Is it working? Or is it the viscous coupling helping you in the ice. Surely all 80's would drive the same.

Frank
 
As I said earlier

Brett said:
This is exactly why you want to have manual control over the CDL in low, manoeuvring a trailer on tarmac in low box with the CDL locked is awful, much better with the CDL open, low box gives you much better control of the trailer as you know. :thumbup:

I sometimes launch my boat at a horrible slipway where I need to use low box both for manoeuvring (about a 30 point turn!) & because it's steep, heavy boat etc. The slip is constructed from concrete so loads of grip, before I disconnected the plug on the transfer box it was hideous, as Frank says, CV's banging away steering heavy etc.

To reiterate, it is much better to disable the auto lock of the CDL in low ratio!
 
frank rabbets said:
Is it working? Or is it the viscous coupling helping you in the ice. Surely all 80's would drive the same.

Frank

Mine aint got no freaking viscous coupling :hand:
 
Unless you have free wheeling hubs or something broken, locking the CD on a grippy surface should be very noticeable as soon as you turn the wheel. When CD is locked the VC isn't doing anything.
 
Deff working Frank. I spend a lot of time off road and there is no question that all the lockers are engaging and making a difference as each one locks. The VC doesn't give you that much when you are in a real grip situation. It keeps some drive to the front to keep you straight but not huge amounts more. When I lost front drive this weekend due to the snapped CV I was pretty stranded, it's true so the VC does get you going, but when you try some more radical move, there's no doubt what benefit you get when you press that switch. If I understand correctly, the VC delivers a 60 40 split most of the time but CAN deliver 100 to the rear. So the VC can in fact slip completely. I had my VC on the bench recently and it certainly seemed fine.
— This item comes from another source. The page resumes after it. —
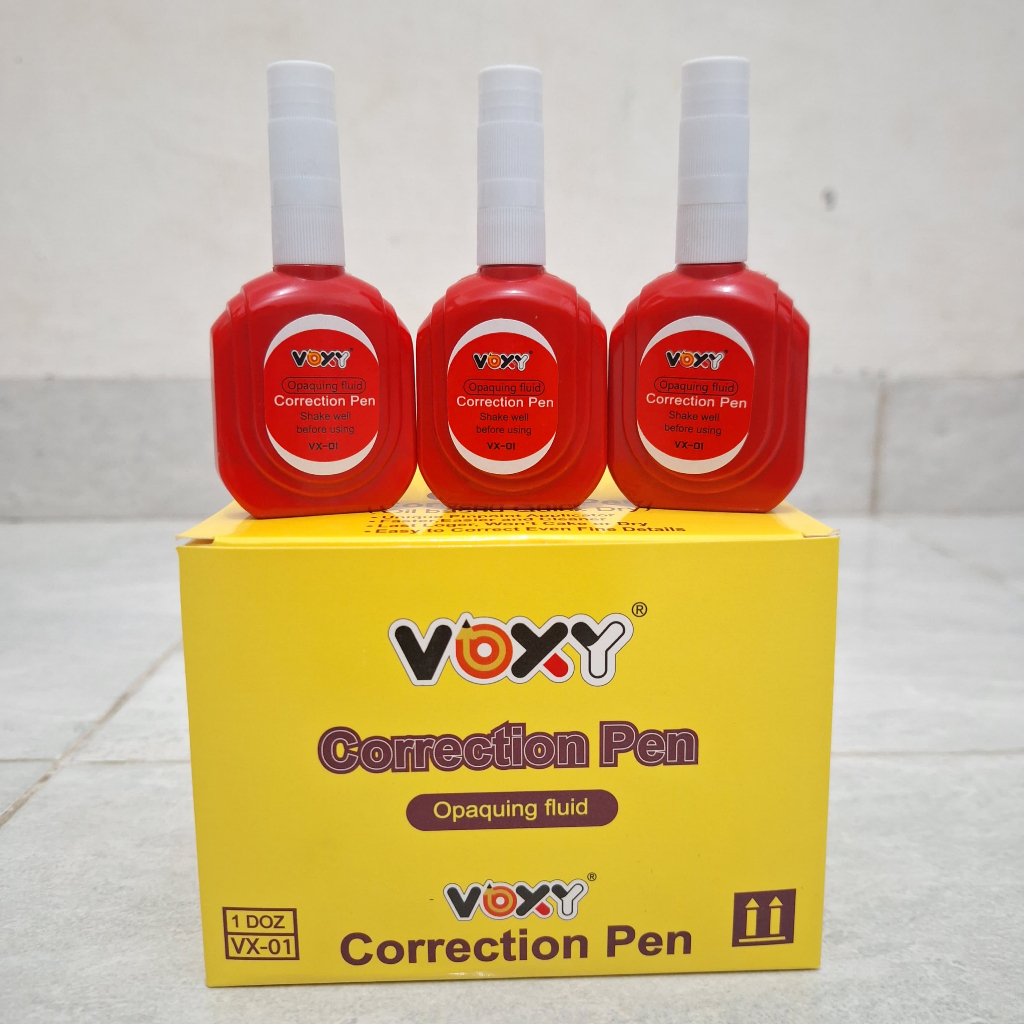 

Tipe X cair voxy / Correction Liquid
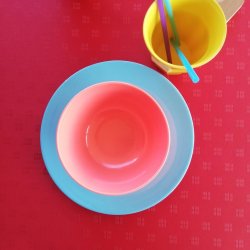 Tekstildug Rd Brnefdselsdag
You would think that they'd all drive the same. Perhaps it's yours that's different? Sure, the truck is affected on tarmac when it's locked - which is why I don't do that. But it's only noticeable in a tighter turn.

Chris
 
Not sure if the wiring plug is the same for a 1997 model, I used a used Hilux hazard warning switch on mine (1993) from ebay for £11 delivered, worked a treat.
 
Remember that the older 12V's had the curved dash thus the CDL switch that came standard on the pre-ABS 80s fits fine. The switch for the 24V is different because of the dash and it was not standard on 24V's so breakers like Karl and Stef won't have many.

As Dave suggested, a hazard switch (from a 24V with the flat style switch) will do the trick. I believe Ecky did this on his. Speaking of which, I see it's Ecky's birthday today and we haven't heard from him in months... :|

Alternatively, see if you can get someone to pick a switch up from a Toyota dealer in the Middle East (Dubai), as prices are much cheaper and the switch is easy enough to pop into luggage!
 
Hmm IQ, that looks mighty close to the LC switch - at £10 incl. postage it's gotta be worth a stab. :thumbup: You could always resell if it doesn't work.

My guess is that it very well might work - it's not like it's a complicated function, just an on-off switch as best I can tell (hence a hazard switch does the job).
 
Just my 2p worth on the VC/CDL debate.
In my experience locking the CD on tarmac (wet or dry) roads WILL wind up the transmission as has already been suggested. I've tried it. It did the same on my Disco which only had a CDL and no cross axle locks. A correctly working VC will give 'true' 4wd on the road while avoiding the windup problems associated with a mechanically locked diff. Numerous opinions have been put forward as to why Toyota fitted the VC. IMO this is the only reason. Forcing too much 'slip' in the VC, ie. running with one prop removed and not mechanically locking the CDL could overheat and ruin the unit. I guess, in effect, it offers similar performance to a LSD?
 
I think I shall put my VC back in. I am feeling that the antilock braking system is designed in conjunction with it.
Does work like a LSD but old LSD's gave constant friction whereas I think The VC locks more and more; the more it slips.